Now, as we have our Inference Tagging scenario, we can make use of the Expansion Query Builder to assist us in setting up the tagging rule. To do so, we click on the PoolParty Workbench landing page on Configuration. There click on Expansion and select the Expansion Query Builder sub-tab. The image below shows the Expansion Query Builder sub-tab with all fields filled in.

settings-expansion-query-builder-top_-w_o__recomm_tab.gif

After opening the Settings (1) window we navigate to the EXPANSION (2) tab where we have two sub-tabs; Expansion Query Builder (3) and Switch to SPARQL. We will now focus on how to use the Expansion Query Builder sub-tab to formulate a SPARQL query.

Tip

The Save query and Load query (9a) buttons on the right allow you to save your query or if you already have queries stored to load one.

The first step will be to specify the language using the Locale (4) pulldown. You have to keep in mind that only those concepts will be returned for which the specified language matches your selection here. This parameter is mandatory.
Then we can specify the Prefixes (5) which can be a standard prefix using the Choose Standard Prefix (5a) pulldown. The standard prefixes include skos, rdf, dcterms, etc. We can specify one or more standard prefixes. In our example we are using skos as the selected standard prefix. We can however also add our own prefix (5b) by entering the Name and the corresponding URI and clicking the ADD (5c) button. In our example we entered esg in the Name field and https://esg.poolparty.biz/esg-ontology/ in the URI field. Specifying prefixes upfront will allow us to skip the full path (URI) every time we use a prefix when defining the rules of our inference tagging. The saved custom prefix is always shown above the two input fields Name and URI; also here we can define more than one custom prefix.
Next step is to specify the rules. Sometimes we will need multiple rules, in such case we can use the Add a new rule button (7) on the very right.
In the Rules (6) section of this tab we can specify all the required details we need for each rule. Every rule is comprised of a relation and score. A relation is then comprised of the URI (mandatory) field (6a) and Type field (6b). In our example the Relation #1 contains the relation esg:is-addressed-by. (Since we have defined our custom prefix esg in the previous step we only need to enter its name (egs) and can skip entering the complete URL.) The Type (6a) field is in our case esg:Regulation. This field works as an additional filter; here we specify that we want to receive inferred concepts linked to the extracted concepts using the esg:is-addressed-by relation HOWEVER ONLY if such concepts belong to the esg:Regulation class. If in contrast we intended to retrieve all possible concepts irrespective of their class we would enter skos:Concept in the Type (6b) field. If we want to add another relation to a rule we will use the Add a new relation (8) button to the right.
We can specify one or more rules, and for each rule one or more relations. All specified rules will be applied and are combined via OR; Each rule is however independent. At the same time the relation specified within the rule defines a path. If more than one relation is specified for a rule, then they form a path within the graph applying one after the other.
Then we need to select the Score Type (6c) and enter the Score (6d). The Score Type field is a pulldown with two options: Multiplier and Fixed Score.
In our example we will used the Fixed Score option and enter the 0.8 as the score - this means that each inferred concept will have this score. If we however used the Multiplier option and entered 0.8 in the Score field then - depending on the score of the concept extracted from our input - the inferred concept would a have a variable score equal to 0.8 times the score of the original extracted concept; e.g. if our original concept has a score of 80, then using the Multiplier option will result in the inferred concept having a score of 0.8 times 80 = 64.

Tip

You can test your SPARQL query before applying it.

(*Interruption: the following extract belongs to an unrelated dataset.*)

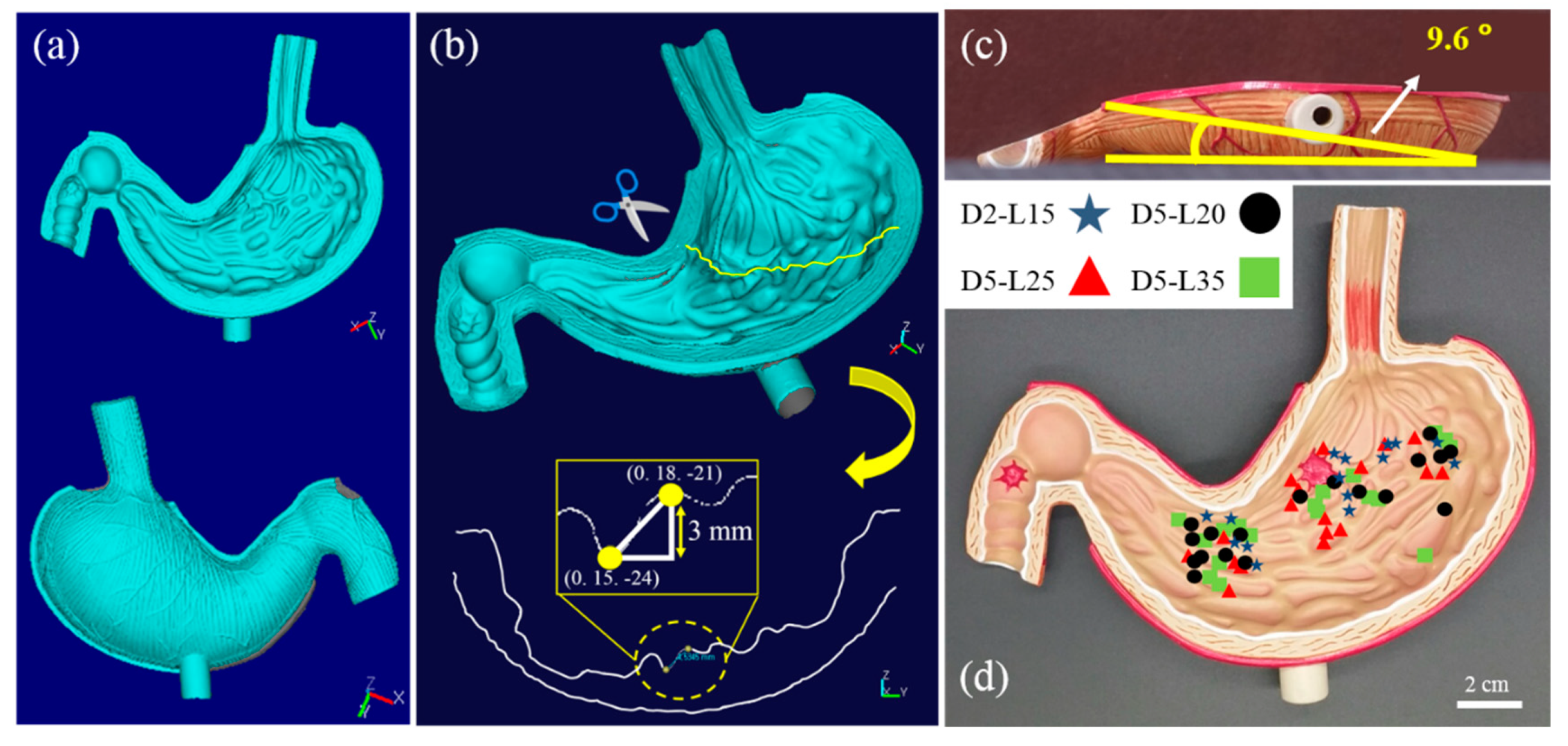 Materials 13 01014 g004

To test your SPARQL query scroll to the bottom of the window until you see the Test expansion query: (1) section. There you only need to enter a concept from the extraction in the Concepts (2) field and click on the TEST (3) button. The input field Concepts uses the auto-complete function, i.e. after having entered thirst three letters of a concept you will automatically see a list with one or more concepts matching the first leading letters. Simply select one of those shown here. You can specify more than one concept for testing your query.
Click the Apply (4) button to add your query or the Cancel (4) button if you want to discard the formulated query and any other settings you may have made on the other two tabs - PROJECT and EXTRACTION.

Tip

You can start your extraction and expansion also from the Settings window with a click on the Apply (4) button.

After running both an extraction and expansion query we will see the following concepts (both the extracted and expanded color-coded concepts) returned for the input text (2) and the selected project (1).

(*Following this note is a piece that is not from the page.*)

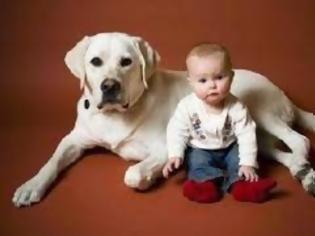 Φωτογραφία για Οι σκύλοι ζηυλεύουν όπως ακριβώς και τα μωρά!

Below the Input Document (2) heading you see the input text with identified concepts. To the right you see all Extracted concepts (3) and all Expanded concepts (5). Next to each concept you can see its score.

If you want to save the configuration or individual calls, click on the three dots (1) in the upper right section of the screen to open a context menu allowing you to import and export (2) configurations. You can export the complete configuration or individual calls as cURL.

These exported cURL files can be used later for API calls. Please refer to the PoolParty Workbench guide for more details on how to export configuration and individual calls. These requests may look like this:

Exporting as cURL opens the Export cURL requests (1) window where you see the Extract request (2), and a page symbol next to it (3) which will copy the complete request to clipboard; below is the second request - the Expand request (4) also with the page symbol next to it (5) allowing you to copy the complete request to clipboard.

The EXTRACTION tab offers also a possibility to formulate advanced queries directly on the command line. This is possible on the Switch to SPARQL (2) sub-tab which looks as follows:

In the top right area you have two buttons Save query (2) and Load query (2). The large section below called Expansion query (3) is where you enter the SPARQL query with all rules and relations you want to specify. Underneath you can set the Maximum number of expanded concepts (4) and test your query by entering concepts in the Concepts (5) field and clicking the TEST (6) button.

To test your SPARQL query use the Test expansion query section. There you only need to enter a concept from the extraction in the Concepts (5) field and click on the TEST (6) button. The input field Concepts: uses the auto-complete function, i.e. after having entered thirst three letters of a concept you will automatically see a list with one or more concepts matching the first leading letters. Simply select one of those shown here. You can specify more than one concept for testing your query.

Click the Apply (7) button to add your query to the configuration or the Cancel (7) button if you want to discard the formulated query and any other settings you may have made on the other two tabs - PROJECT and EXTRACTION.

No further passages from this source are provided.